*YOUR TASK*
All lines holding the word "that" in the listing below need to be copied.

*SUPPLIED DATA*

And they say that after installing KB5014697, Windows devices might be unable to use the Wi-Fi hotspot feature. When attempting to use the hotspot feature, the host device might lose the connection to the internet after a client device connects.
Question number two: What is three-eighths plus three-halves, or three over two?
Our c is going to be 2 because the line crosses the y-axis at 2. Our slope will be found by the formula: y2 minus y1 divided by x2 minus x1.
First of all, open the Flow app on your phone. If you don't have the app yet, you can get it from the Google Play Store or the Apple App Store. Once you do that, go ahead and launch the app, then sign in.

...

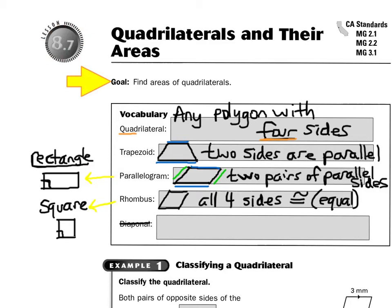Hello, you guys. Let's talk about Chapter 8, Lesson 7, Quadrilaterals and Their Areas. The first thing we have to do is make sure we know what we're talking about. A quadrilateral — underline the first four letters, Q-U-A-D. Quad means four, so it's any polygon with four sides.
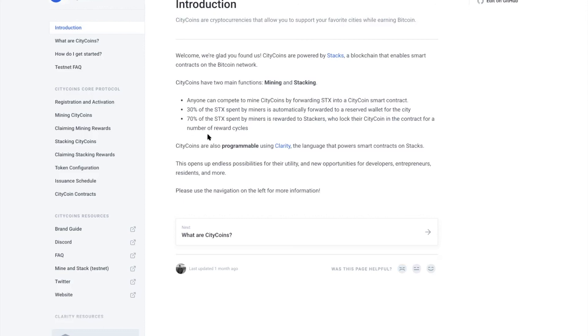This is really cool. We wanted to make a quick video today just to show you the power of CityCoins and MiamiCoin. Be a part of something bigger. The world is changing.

*TASK RESPONSE*
And they say that after installing KB5014697, Windows devices might be unable to use the Wi-Fi hotspot feature. When attempting to use the hotspot feature, the host device might lose the connection to the internet after a client device connects.
First of all, open the Flow app on your phone. If you don't have the app yet, you can get it from the Google Play Store or the Apple App Store. Once you do that, go ahead and launch the app, then sign in.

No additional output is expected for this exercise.